Billy Woodberry

Current Fellow

Fellow: Awarded 2017

Field of Study: Film - Video

Competition: US & Canada

Born in Dallas in 1948, Billy Woodberry is one of the founders of the L.A. Rebellion
 film movement. His first feature film, Bless Their Little Hearts (1984), is a pioneer and essential work of this movement, influenced by Italian neo-realism and the work of Third Cinema filmmakers. The film was awarded with an OCIC and Ecumenical Jury awards at the Berlin International Film Festival and was added to the National Film Registry of the Library of Congress in 2013.

And When I Die, I Won’t Stay Dead (2015) was the opening film of MoMA’s Doc Fortnight in 2016. The film premiered at the 53rd Viennale, Vienna International Film Festival (2015), and has been featured at festivals nationally and internationally, notably, but not limited to, the 13th Doclisboa, Documentary International Film Festival – International Competition, Lisbon (2015), 45th International Film Festival Rotterdam – Signatures, (2016), 59th San Francisco International Film Festival (2016), Courtisane Film Festival, Ghent (2016) and The Flaherty Film Seminar, New York (2016).
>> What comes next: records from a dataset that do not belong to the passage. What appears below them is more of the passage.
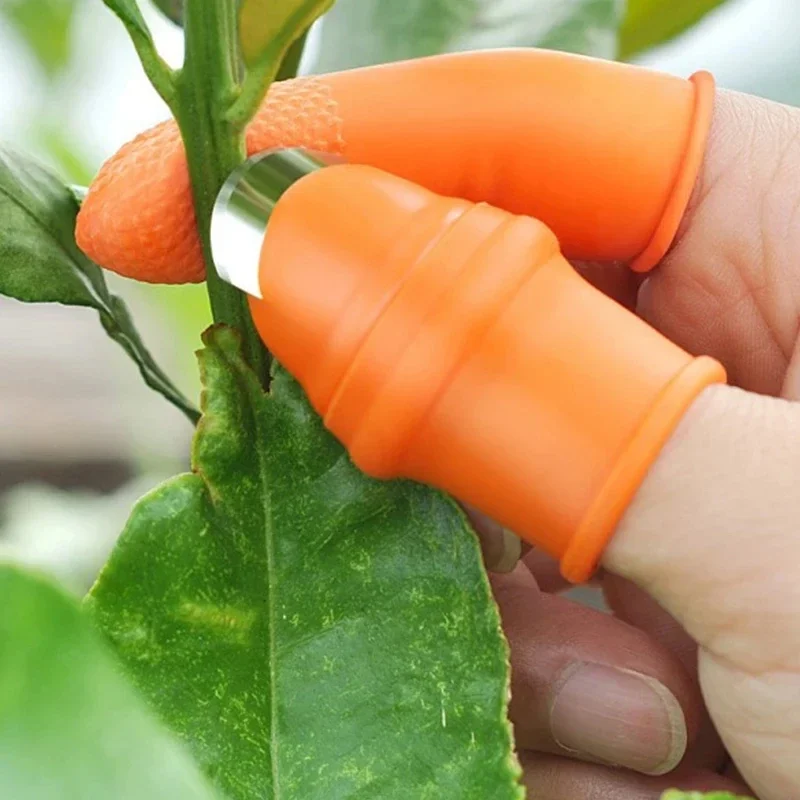 มีดปลอกเปลือกผักแบบนิ้วโป้ง สำ - Gardening Tools Knife บทวิจารณ์และราคา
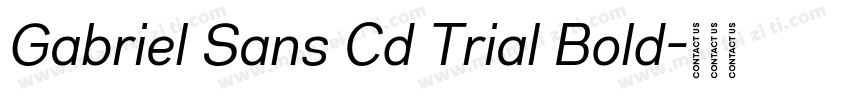 Gabriel Sans Cd Trial Bold字体转换
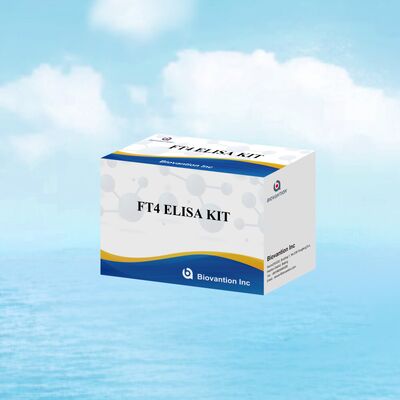 甲状腺疾患向け高精度FT4 ELISAテストキット（96テスト）、特異度98％、感度95％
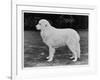 Crufts Winner 1970-null-Framed Photographic Print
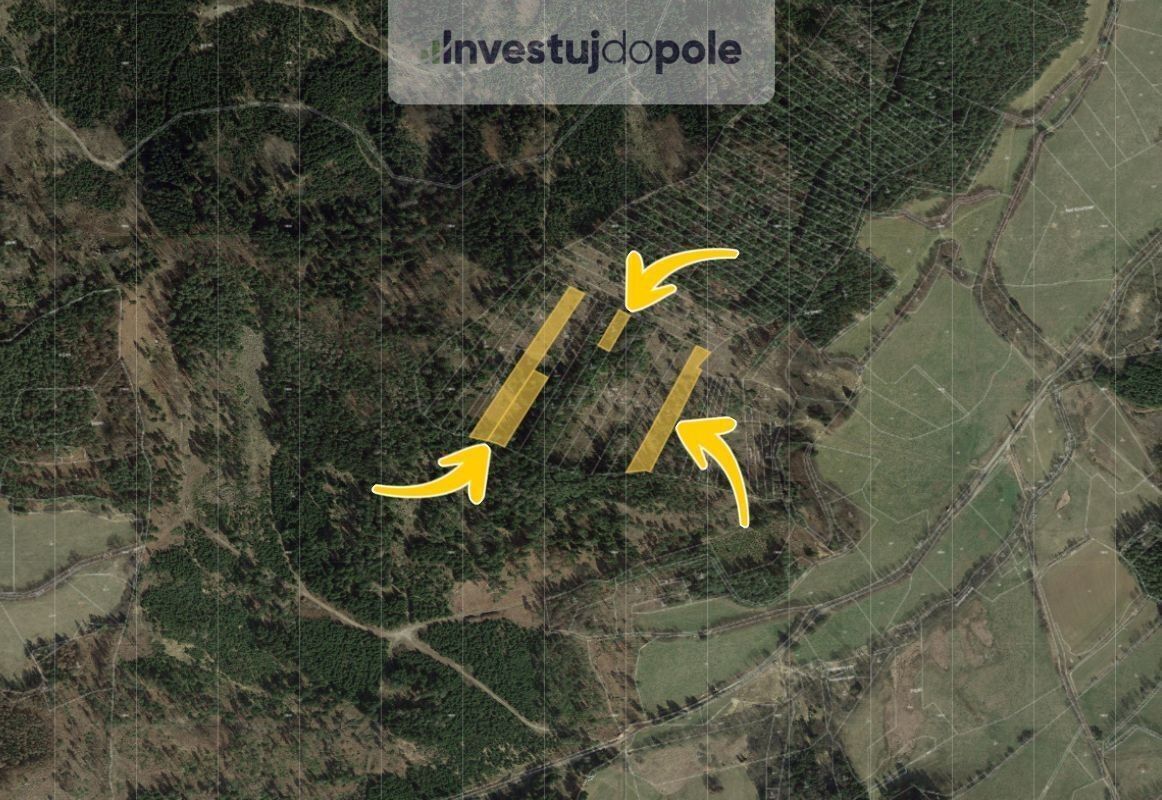 Prodej les - Zálezly, 10 939 m²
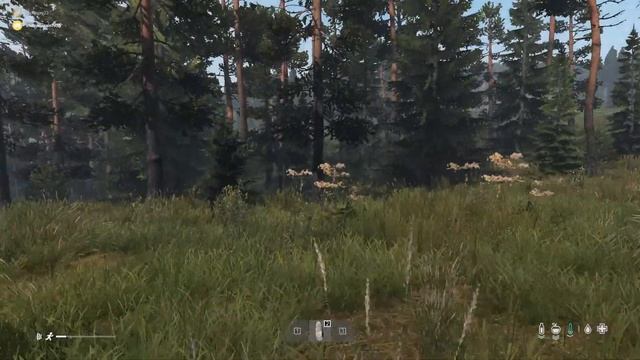 Сальвадор и Дали играют в Dayz смотреть онлайн
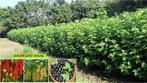 RODE, WITTE TROSBES & CASSIS-STRUIKEN: 4€/stuk, 5 VOOR 18€ !, Ophalen of Verzenden, Lente, Vaste plant, Fruitplanten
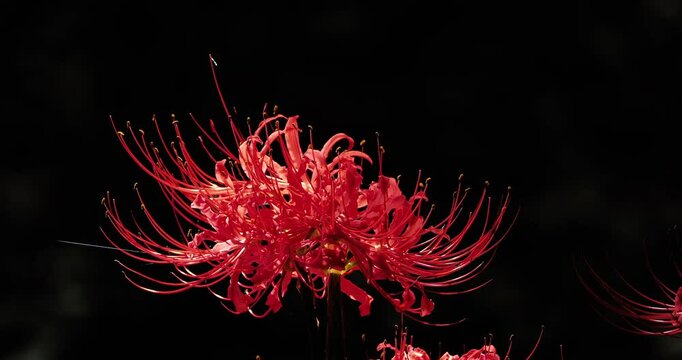Red spider lily(Lycoris radiata) in sunlight on dark background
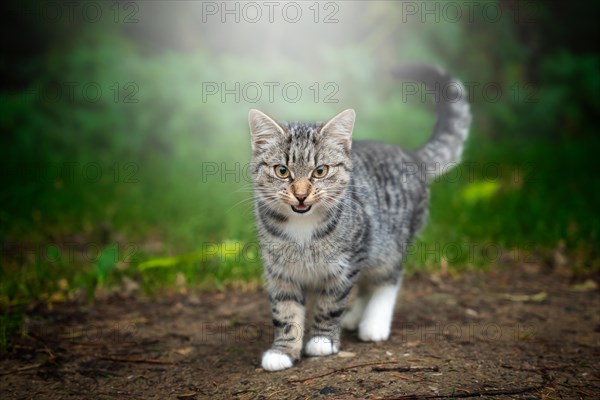 The disgruntled cat goes and looks straight ahead. Outdoor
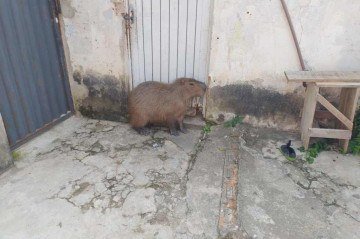 Capivara é capturada dentro de casa em Poços de Caldas  - Divulga&ccedil;&atilde;o/CBMMG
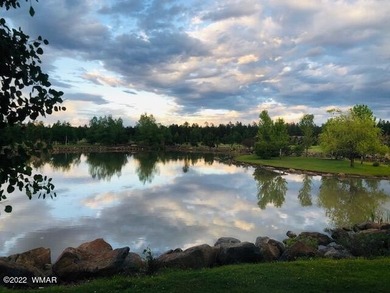 Beautiful 1.03 acre lot at Sierra Springs Ranch backing National - photo 6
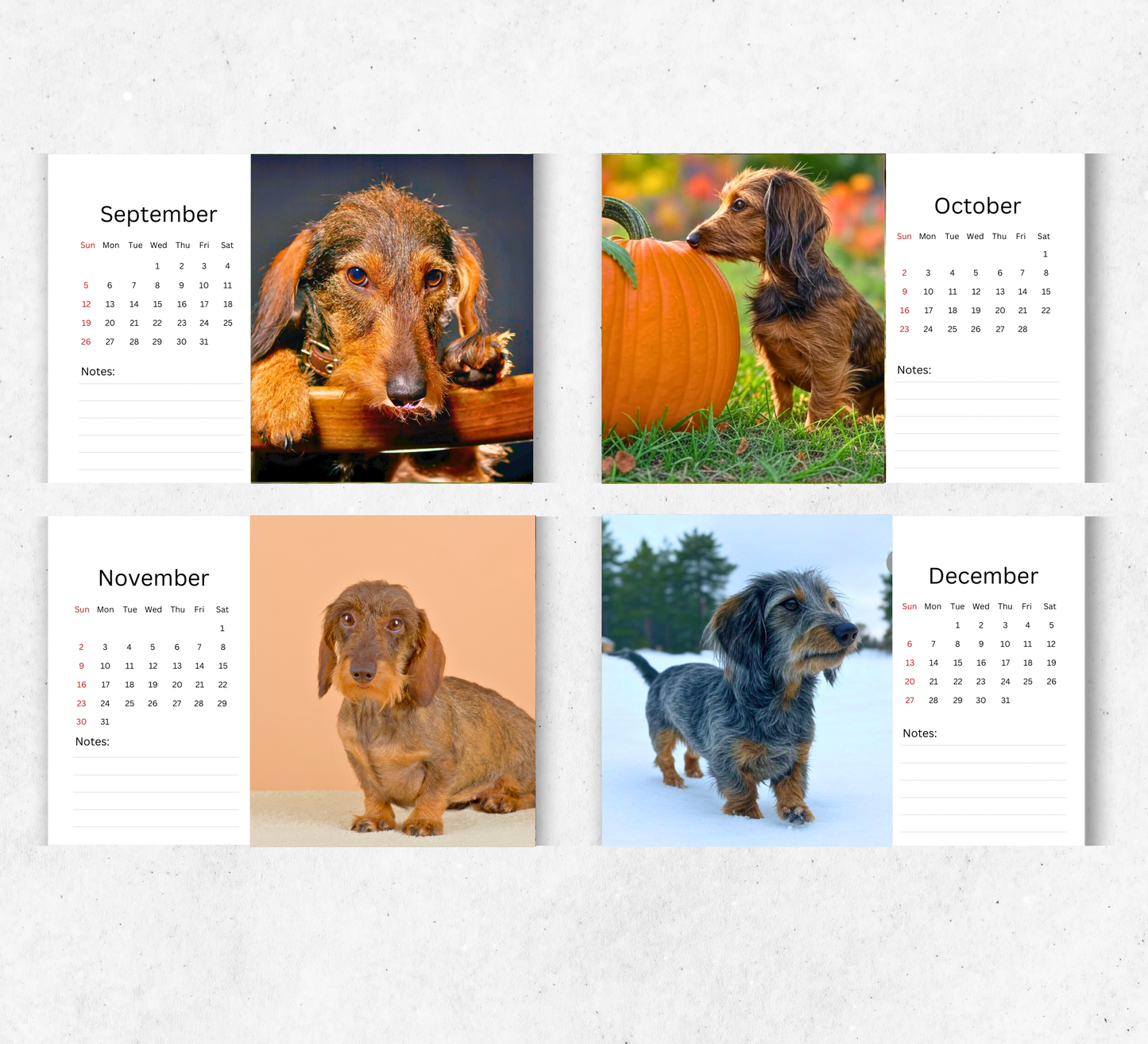 Dachshund (wire-haired) Desk Calendar 2026-2027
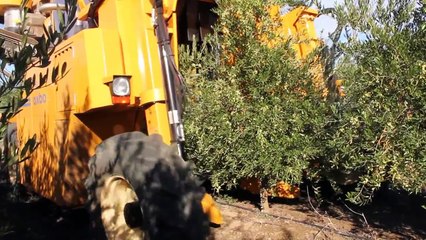 Oxbo 6420 Super High Density Olive Harvester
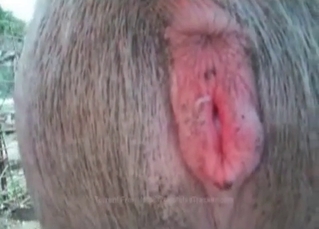 Farm animal fucking like crazy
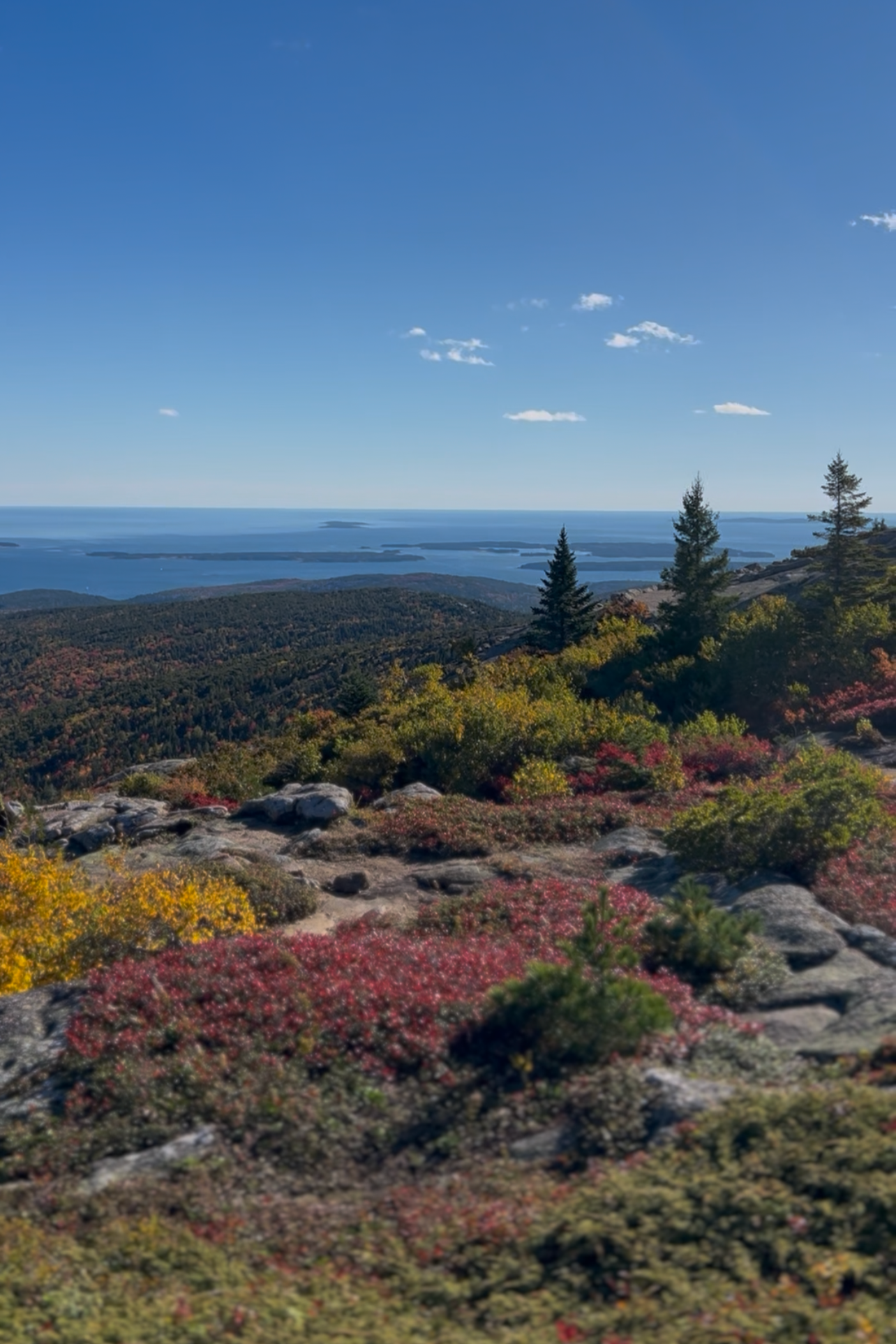Cadillac Mountain Acadia National Park: Everything You Need to Know Before You Go 🌅⛰️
And When I Die, I Won’t Stay Dead, title lifted from a line in one of Kaufman’s poems, is director Billy Woodberry’s inspired, moving meditation on Kaufman’s work and legacy. A seamless marriage of director and subject, the film is not only scored by but also moves to the rhythms of jazz and is itself a kind of poetry. Fans of Woodberry’s masterful 1984 film Bless Their Little Hearts (selected for preservation in the National Film Registry) won’t be surprised at the taut intelligence and rich artfulness of And When I Die, in which the director upends many bio-doc conventions. He opens the film by dropping the viewer into Kaufman’s narrative at its boiling point – after he has already made waves and a name for himself in San Francisco’s fecund poetry scene of the mid-twentieth century.” -For CraveOnline, Ernest Hardy, 2016

His short film / documentary, Marseille Après La Guerre (2016), is a portrait of dock workers in post-WWII Marseille, many of whom were of African descent, and pays homage to Senegalese film director, Ousmane Sembéne. Marseille Après La Guerre received acclaim after its screenings at the Roy and Edna Disney Theater CalArts' Downtown Center for Contemporary Arts, Los Angeles (2016), Courtisane Film Festival, Gent (2016), and Instituto Moreira Salles, Rio de Janeiro (2016).

Woodberry’s films have been screened at the Cannes and Berlin Film Festivals, Viennale, Rotterdam, the Museum 
of Modern Art (MoMA), Harvard Film Archive, Camera Austria Symposium, Human Rights Watch Film Festival, Tate Modern and Centre Pompidou.

He has also appeared in Charles Burnett’s When It Rains (1995) and provided narration for Thom Andersen’s Red Hollywood (1996) and James Benning’s
 Four Corners (1998).

Woodberry received his MFA from UCLA in 1982 where he also taught at the School of Theater, Film and Television. Currently, he is a permanent faculty member
 of the School of Film/Video and the School of Art at the California Institute of the Arts, where he has taught since 1989.